Francesco Calzolari's Cabinet
Francesco Calzolari was an apothecary in Verona and owned the most famous pharmacy in the city. As an apothecary, Calzolari's collection focussed on therapeutics, especially those believed to have miraculous properties. The cabinet is described by a contemporary physician, Antonio Passieno, as follows:
"a most abundant repository and true treasure of all remarkable medicinal things, in which I observed each one placed in wonderful order in most decorative and elegant compartments and cases. First, [Calzolari] sought exceptional herbs and then the rest from their own distant places and regions, sent to him as gifts from the greatest princes and rulers; here it is pleasing to see not a few whole plants and plant roots, rinds, hardened or liquid saps, gums, flowers, leaves, fruits, and rare seeds and to recognize them as authentic. Also many metals. I omit how many dried terrestrial and aquatic animals I was astounded to find that I had never seen before."
Image: etching of Francesco Calzolari's collection published in an inventory of his cabinet from 1622. The image's inscription: "Viewers, insert your eyes. Contemplate the wonders of Calzolari's museum and pleasurably serve your mind."

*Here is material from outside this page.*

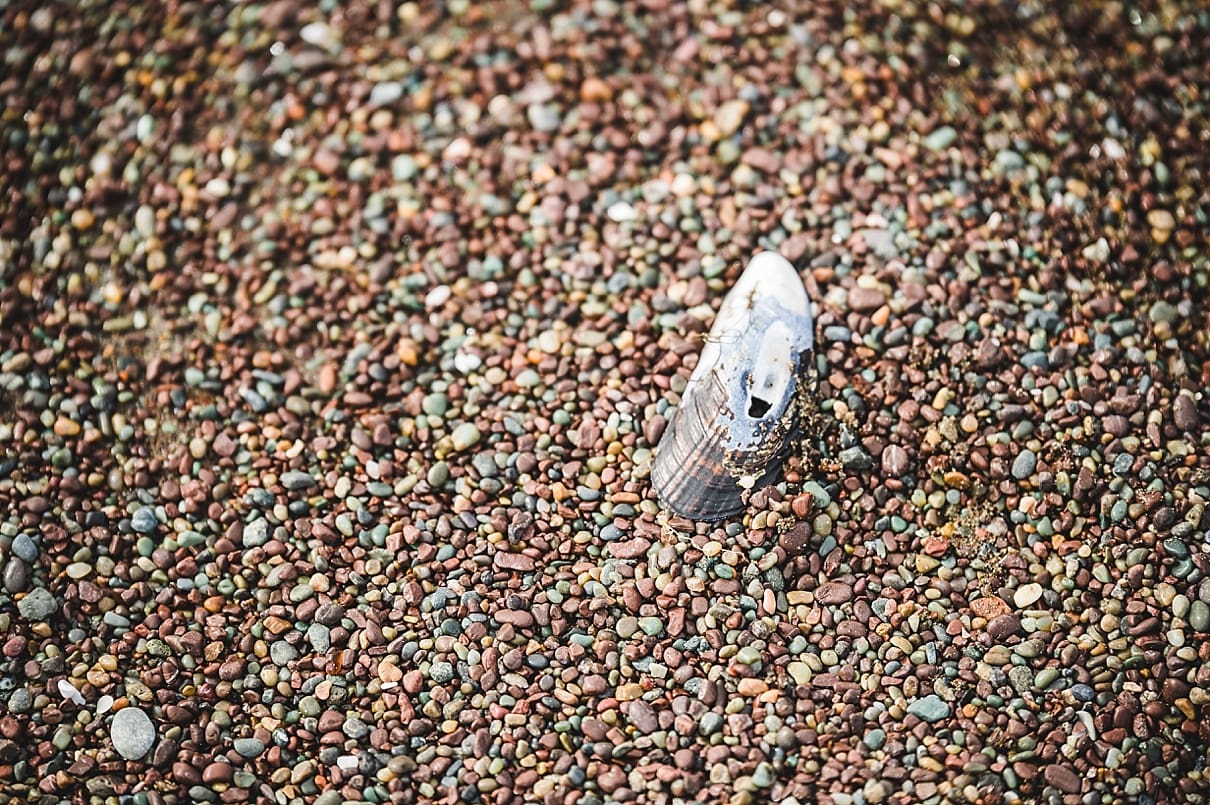 mussel shells on pebbles, san francisco beach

The image of Calzolari's cabinet displays a selection of birds, fish, snakes, and animals including what appears to be a small hammerhead shark, several puffer fish, an oversized hedgehog, starfish, a tortoise head, a deformed mummified human head, a crocodile, bat, flying fish, and a spotted creature with a long tail which might perhaps be ocelot. Most of the creatures would have been dried.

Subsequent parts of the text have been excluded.